— Exercise directions —
For the material below, the expected output is exactly the lines between the line holding "Image similar to" and the line holding "AllSaints Val Coated", inclusive, with pictures left out.

— Records shown —
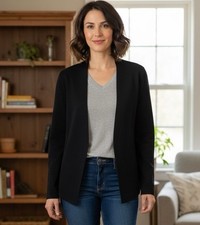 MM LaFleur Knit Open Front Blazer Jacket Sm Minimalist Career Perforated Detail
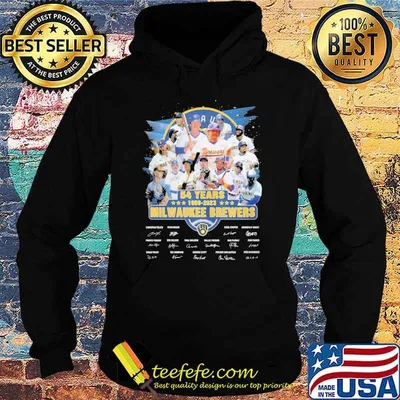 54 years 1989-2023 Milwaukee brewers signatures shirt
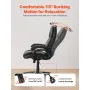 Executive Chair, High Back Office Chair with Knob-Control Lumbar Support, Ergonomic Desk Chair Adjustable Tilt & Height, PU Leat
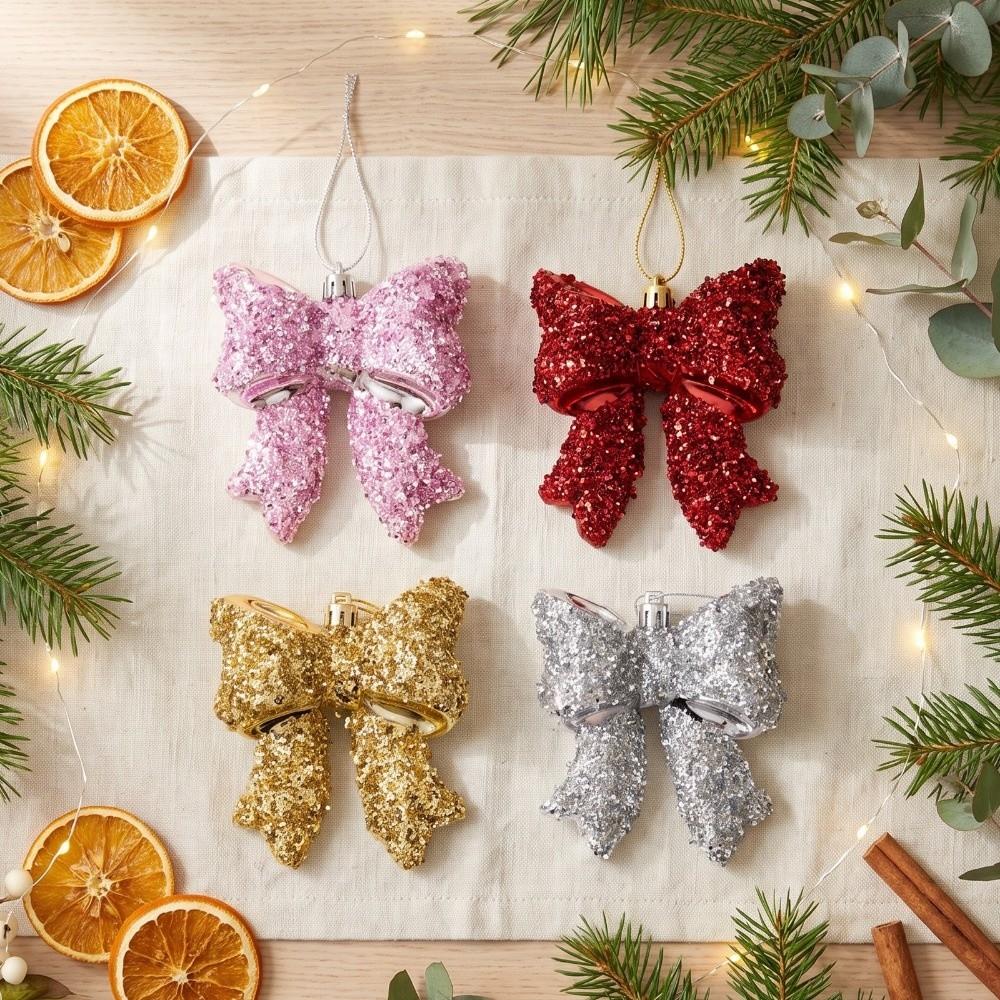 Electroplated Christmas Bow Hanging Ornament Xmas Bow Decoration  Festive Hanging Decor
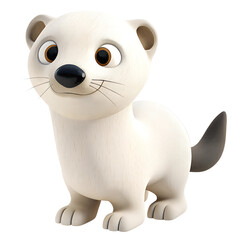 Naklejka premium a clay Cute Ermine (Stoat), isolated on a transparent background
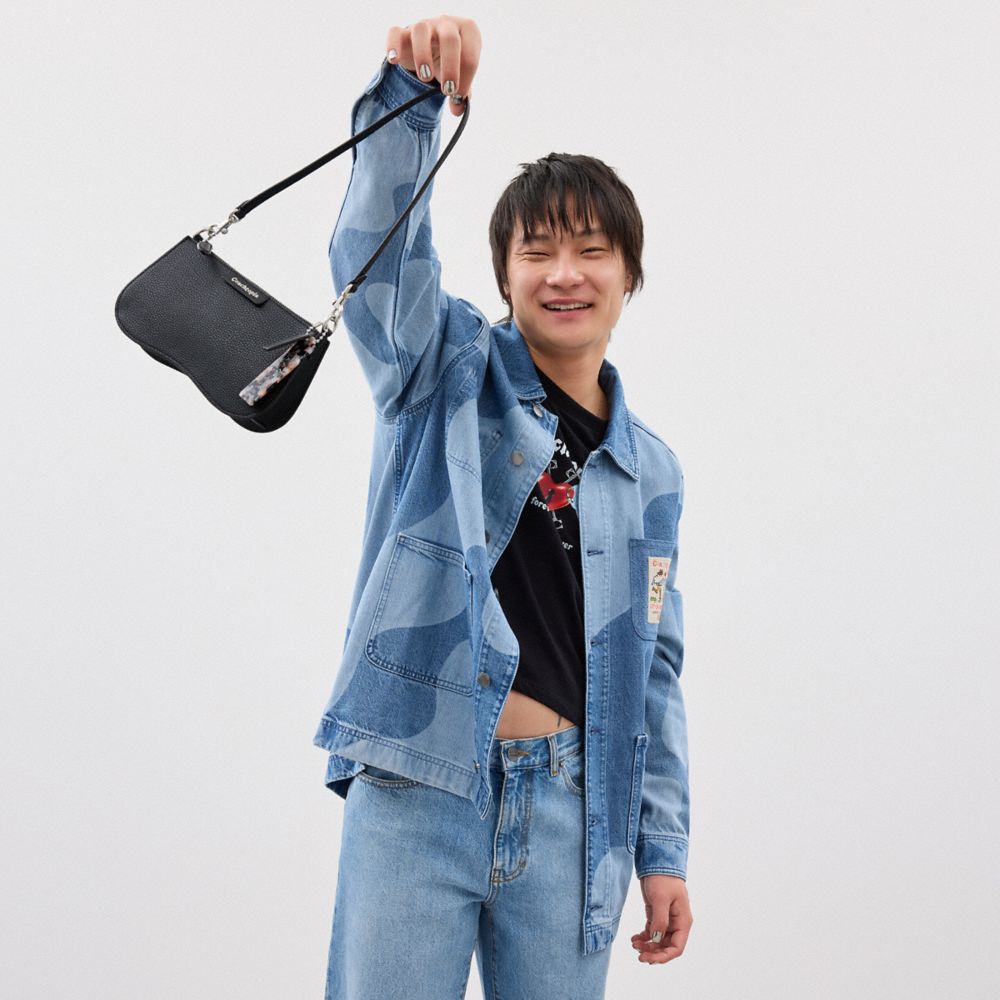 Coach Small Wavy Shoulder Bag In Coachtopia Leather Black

--

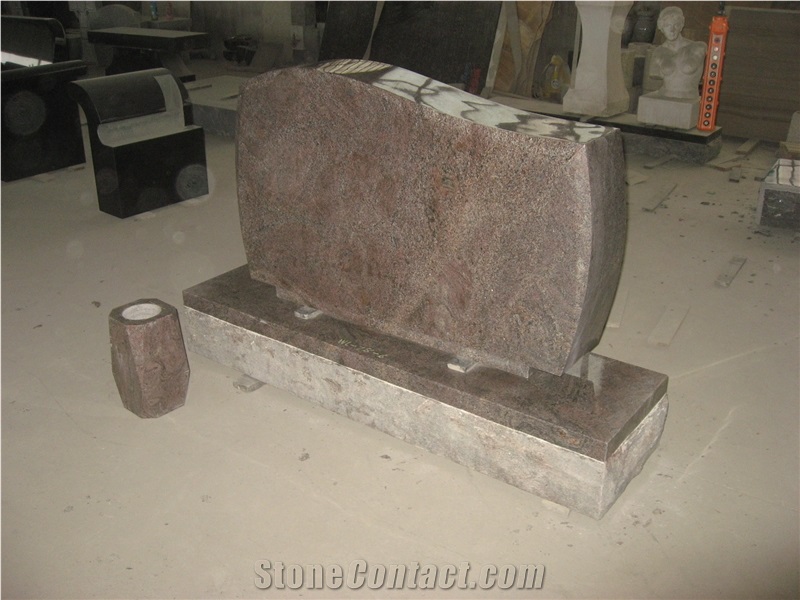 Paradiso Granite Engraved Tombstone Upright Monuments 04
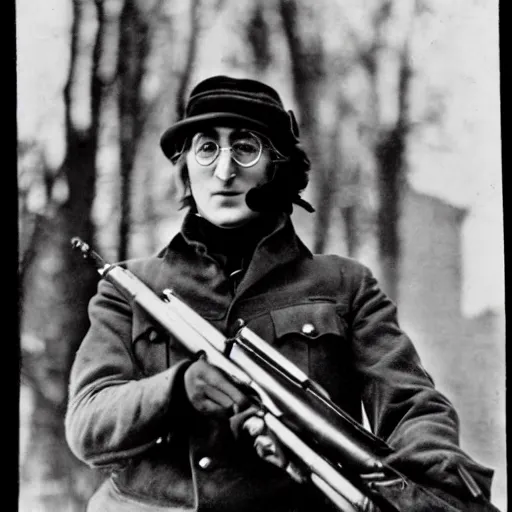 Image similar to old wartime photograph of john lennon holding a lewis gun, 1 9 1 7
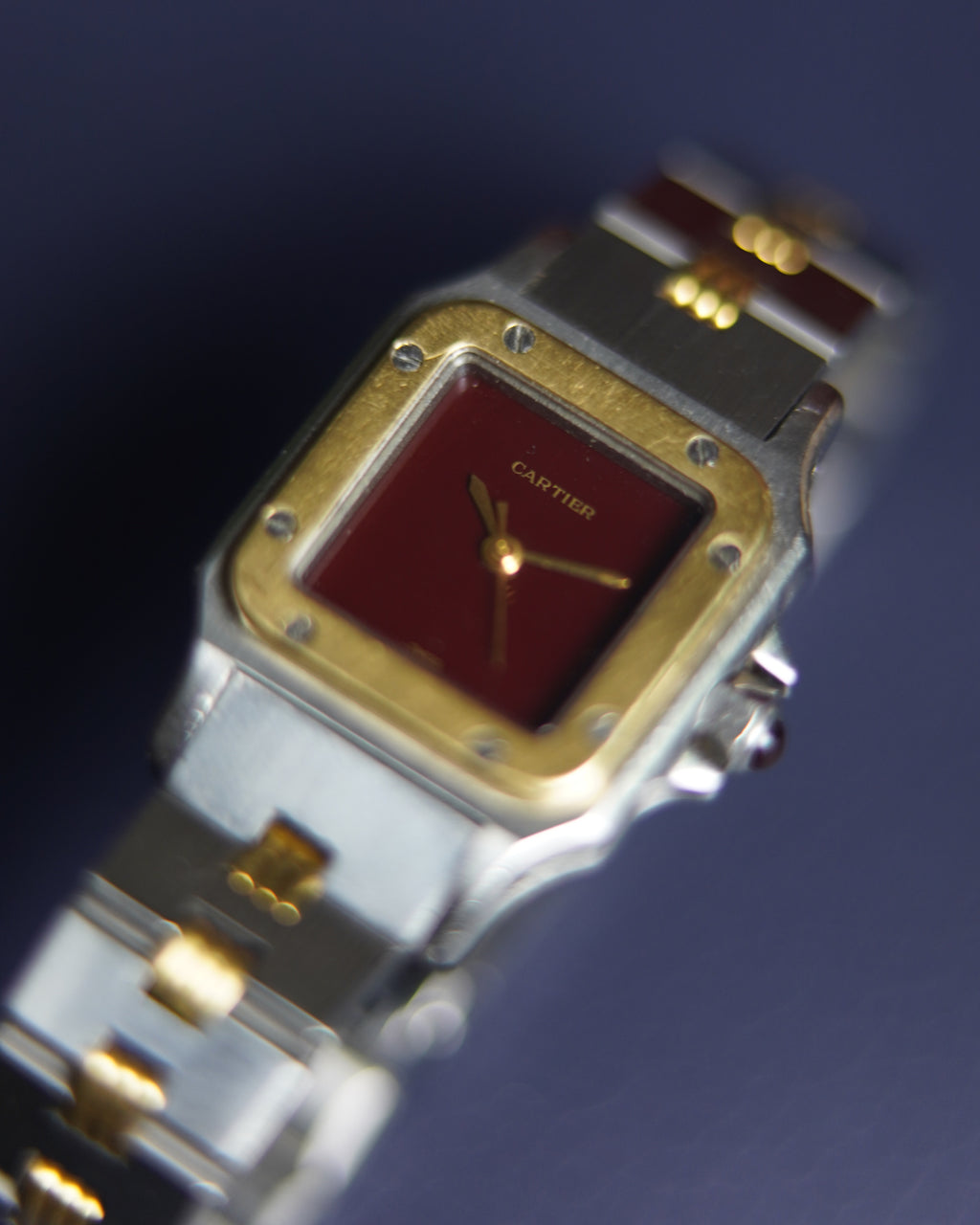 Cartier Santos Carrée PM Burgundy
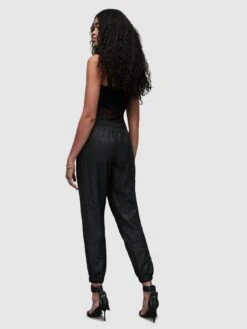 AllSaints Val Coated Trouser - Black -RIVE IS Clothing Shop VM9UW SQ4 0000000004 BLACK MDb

--

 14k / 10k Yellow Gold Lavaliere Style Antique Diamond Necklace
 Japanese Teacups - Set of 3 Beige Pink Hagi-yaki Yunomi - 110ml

— Problem solution —
 Image similar to old wartime photograph of john lennon holding a lewis gun, 1 9 1 7
 Cartier Santos Carrée PM Burgundy
 AllSaints Val Coated Trouser - Black -RIVE IS Clothing Shop VM9UW SQ4 0000000004 BLACK MDb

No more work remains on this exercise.